To complete the tutorial, you'll want your own copy of the code to edit and deploy. The easiest way to do this without installing anything on your machine is to deploy the app to Bluemix. For more information, see the video Deploy an IBM Graph app to Bluemix.

To deploy the app:

  1. Click the following button:
  2. If you are not already authenticated at Bluemix, you might be prompted to do so.
  3. Click Deploy when the button enables. Bluemix will load the code into a Git repo, create an IBM Graph instance that your app will use, and deploy the app to Bluemix.
  4. Click the Delivery Pipeline tile so you can watch the app deploy.
  5. After the Deploy Stage has passed, return to the Toolchain.
  6. Click View app.
  7. The home page shows that no prints are currently available for sale. Click <for developers> and then Insert the sample data. It might take a minute or two for the data to insert.
  8. When the app indicates the sample data has been created, click Lauren's Lovely Landscapes in the top navigation bar.
  9. Notice the prints listed on the home page. Your app is successfully deployed!

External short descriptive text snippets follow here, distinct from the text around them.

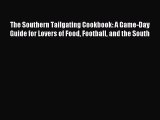 [PDF] The Southern Tailgating Cookbook: A Game-Day Guide for Lovers of Food Football and the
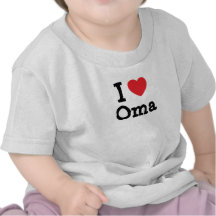 I love Oma heart T-Shirt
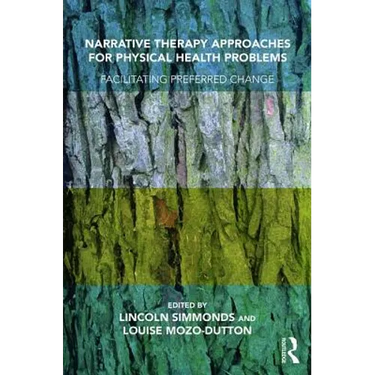 Narrative Therapy Approaches for Physical Health Problems: Facilitating Preferred Change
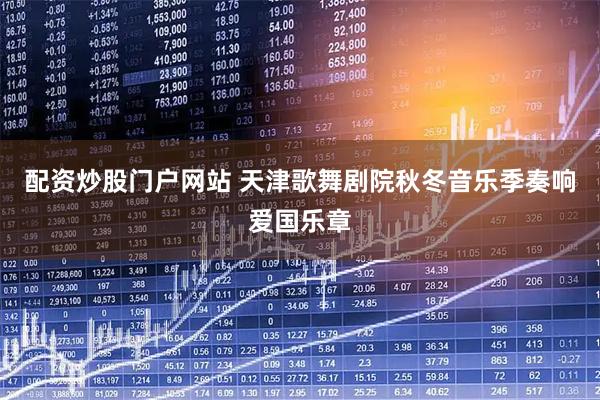 配资炒股门户网站 天津歌舞剧院秋冬音乐季奏响爱国乐章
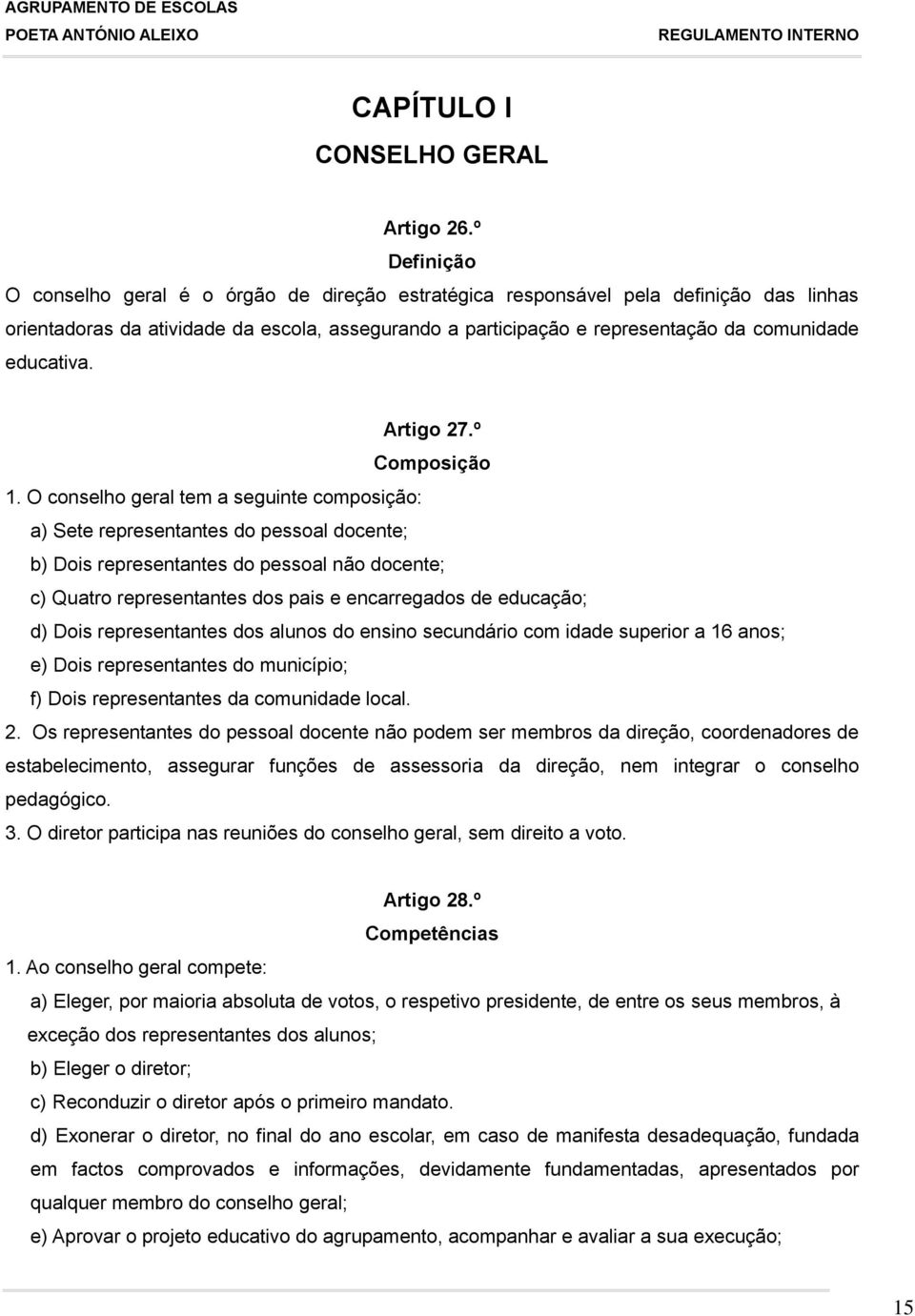 educativa. Artigo 27.º Composição 1.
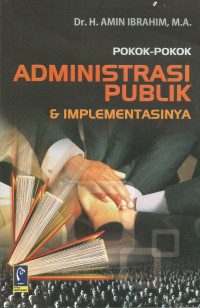 POKOK- POKOK ADMINISTRASI PUBLIK & IMPLEMENTASINYA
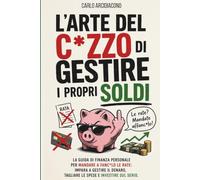 L'Arte del C*zzo Di Gestire I Propri Soldi: La Guida Per Gestire Il Denaro, Tagliare Le Spese E Investire Sul Serio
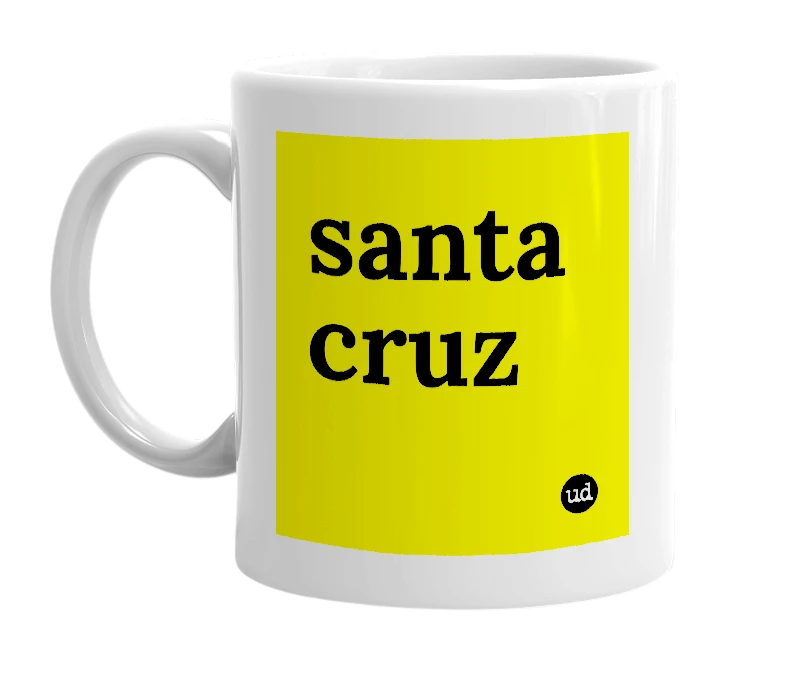 White mug with 'santa cruz' in bold black letters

Take a few minutes to explore the app. Register as a new user and order a print. Navigate to the <for developers> page to see the schema diagram as well as the data stored in the graph.

Explore the code and existing CRUD operations

In this section, you'll explore the code behind Lauren's Lovely Landscapes to see how the app performs the CRUD (Create, Read, Update, and Delete) operations. As you'll see below, the app POSTs queries to the Gremlin API using the Gremlin graph traversal language to tell Graph what to create, read, update, and delete.

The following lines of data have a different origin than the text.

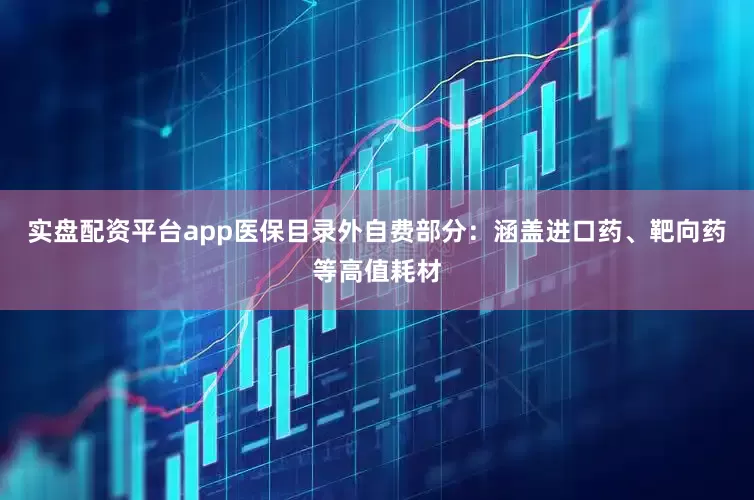 实盘配资平台app医保目录外自费部分：涵盖进口药、靶向药等高值耗材
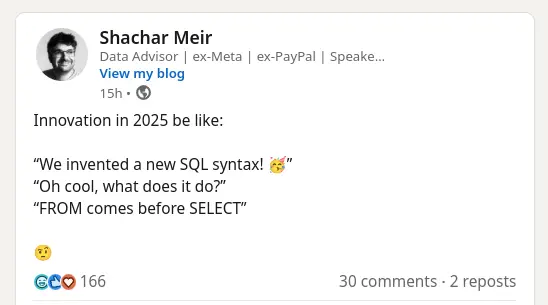 FROM comes before SELECT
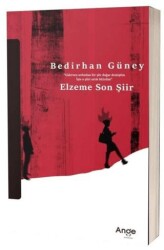 Elzeme Son Şiir - Ange Yayınları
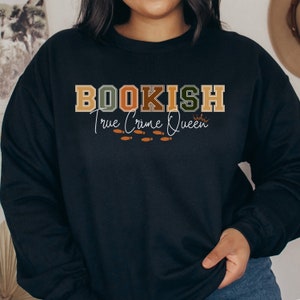 True Crime Queen Sweatshirt, Fall Book Shirt, True Crime Shirt, Book Lover Gift, True Crime Gifts, Crime Junkie Shirt, True Crime Bookworm
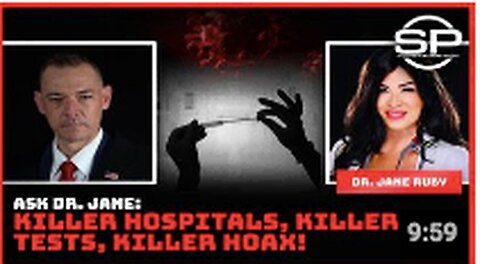 "Dr. Jane Discusses Killer Hospitals, Tests, and Hoaxes"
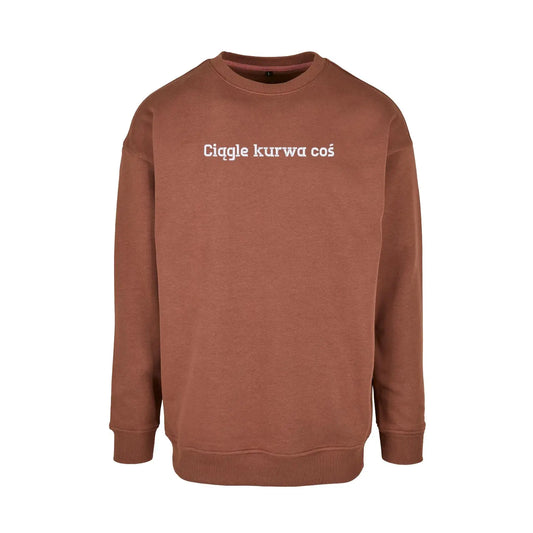 Bluza bez kaptura „Ciągle ku*wa coś” BEZ CENZURY– Haft 3D, Styl i Życiowy Realizm Haft z radości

Bonus: To see how the app uses the Graph APIs to create the schema and indexes, watch Create and Traverse an IBM Graph Database.

Open the code

When you deployed the app to Bluemix, a copy of the Lauren's Lovely Landscapes code was automatically put in a project for you. In this section, you'll open the code in the Bluemix web IDE so you can browse the code in the sections below:

  1. Navigate to Bluemix.net.
  2. Log in (if you are not already authenticated).
  3. On the dashboard for your apps, locate the row with the Lauren's Lovely Landscapes app and click it.
    Hint: Be sure to click the name of your app and not the route.
  4. The app page opens in Bluemix.
  5. Scroll down until you see the Continuous delivery tile.
  6. Click the View toolchain button.
  7. Click the Eclipse Orion Web IDE tile. The web IDE opens with your project's code.

Session API

To make requests to the Graph API, you need to authenticate. One option is to send your credentials with every request. A better, faster option is to use the session API to generate a unique session token to use in later requests as your form of authentication.

Lauren's Lovely Landscapes uses the latter option of generating a unique session token. Let's explore:

  1. In the file navigation pane of the web IDE, click constants.py to open it.
  2. Note that the code between lines 23 and 31 accesses the credentials stored in VCAP_SERVICES to acquire the apiURL, username, and password from Bluemix. These credentials are used later to authenticate and get your session token.
    Hint: if you choose to deploy your app locally instead of on Bluemix, follow the instructions in the code around line 11 to manually set the API_URL, USERNAME, and PASSWORD.
  3. In the file navigation pane of the web IDE, click graph.py to open it.
  4. In graph.py, locate the updateToken() function around line 400. This function makes a request to the Session API, sending over the username and password that were acquired in constants.py. The response from the session API includes the unique token needed for authentication in later requests to the Graph API. The function adds the token to the headers. Note that this is the only function that uses constants.USERNAME and constants.PASSWORD. All other calls use the unique session token.
  5. While still in graphy.py, locate the post() function around line 11 and the get() function around line 19. These functions handle GET and POST requests to the Graph API. Note that if these functions receive a 401 error response (because the token expires) or a 403 error response (because the credentials have been invalidated), the functions automatically makes a request to update the token.
  6. Remaining in graphy.py, locate the getAllPrints() function around line 27. This function gets all of the prints stored in the graph. Note that this function (as do all of the other functions in this file that make GET requests to the Graph API) calls the post() function we just explored. The getAllPrints() function doesn't bother with authentication or headers; it simply focuses on the API call and the response.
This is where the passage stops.